Manuka honey, which is produced by bees that pollinate and feed on the nectar of the native manuka tree in New Zealand and Australia, has long been touted for its ability to treat a range of conditions such as wound infections.

Now, scientists revealed that Manuka honey can also serve as a powerful weapon against hospital-acquired infections.

In lab experiments, researchers from the Southampton University have shown that cleaning medical devices with solutions derived from the Manuka honey can reduce the ability of deadly bacteria to form into sticky and hard to remove layers that harbor infection by more than 75 percent.

The findings, which was published in the Journal of Clinical Pathology, could benefit groups of hospital patients with particular risks for bacterial infections. Flushing diluted Manuka honey through catheter, for instance, may help prevent potentially life-threatening urinary tract infection.

Urinary tract infection accounts for 40 percent of hospital-acquired infections and 80 percent of these is associated with catheter use.

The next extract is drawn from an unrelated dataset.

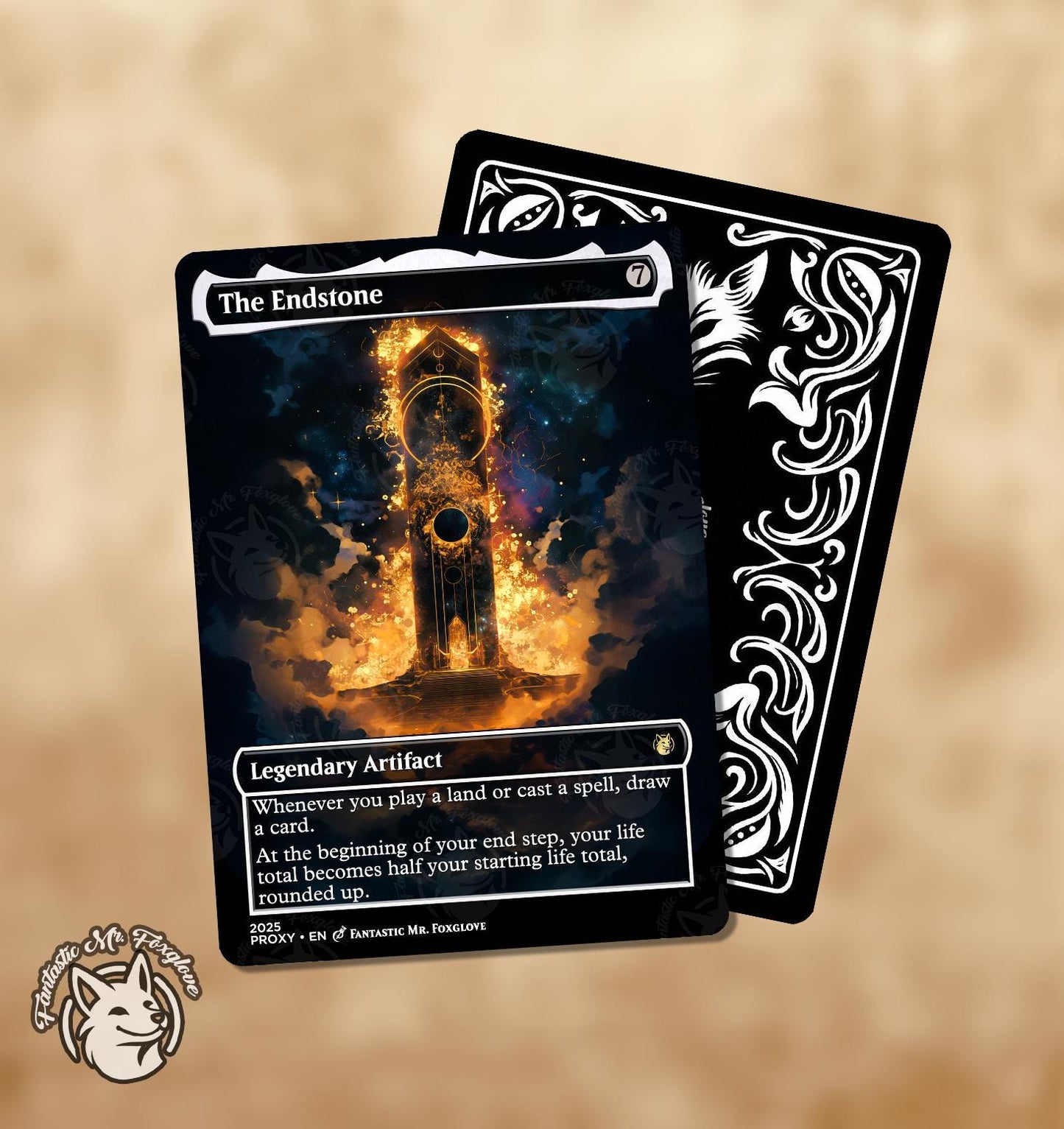 The Endstone | Proxy Card — Choose Your Art!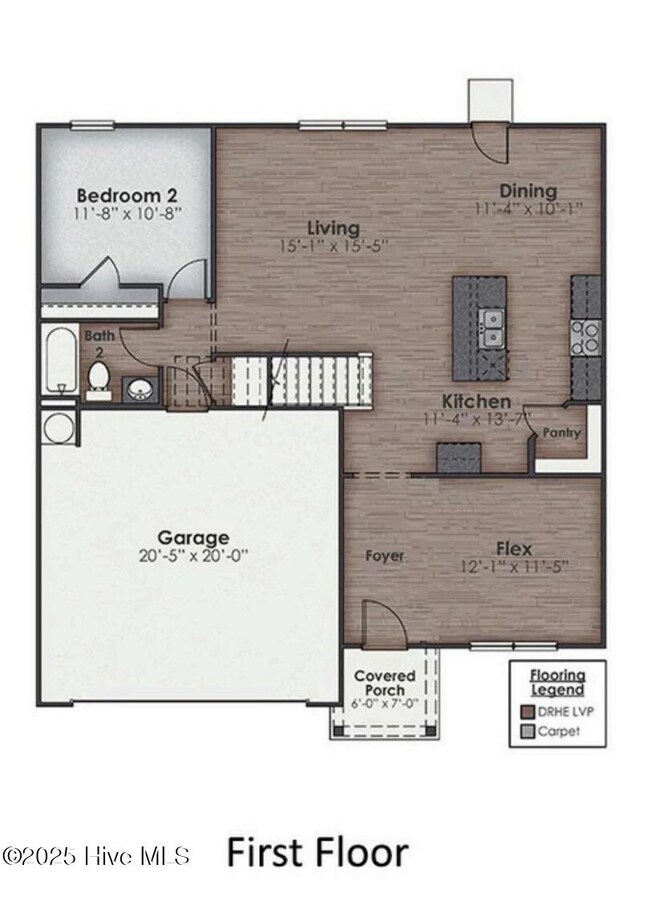 Hayden 1st floor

Study researcher Bashir Lwaleed said catheter infection needs to be addressed since it makes up a large proportion of hospital acquired conditions.

For the study, Lwaleed and colleagues diluted the honey with distilled water to produce concentrations ranging between 3.3 to 16.7 percent and applied the solutions to bacterial cultures. The researchers used E. coli and Proteus mirabilis, bacteria that are known to cause urine and bladder infections.

They found that even with a low dilution of about 3.3 percent, the manuka honey solution stopped bacteria from accumulating together and form layers of biofilms- thin layers that accumulate on surfaces and harbor infection.

"Our study demonstrates that diluted honey is potentially a useful agent for reducing biofilm formation on indwelling plastic devices such as urinary catheters, probably by using as a periodic flushing agent," the researchers wrote in their study [pdf].

Lwaleed and colleagues used Manuka for their study because the dark-colored honey is known for its antibacterial properties. The researchers, however, said that other types of honey may also work albeit they were not able to test these.

"We believe that patients might also benefit from honey's anti-inflammatory properties, which are generally stronger in dark honeys, such as manuka, and that antibacterial resistance is unlikely to be a factor when honey is used," Lwaleedand said.

The results were based on experiments conducted in the laboratory, which means that further studies are still needed before the honey can be used to help prevent infections in humans.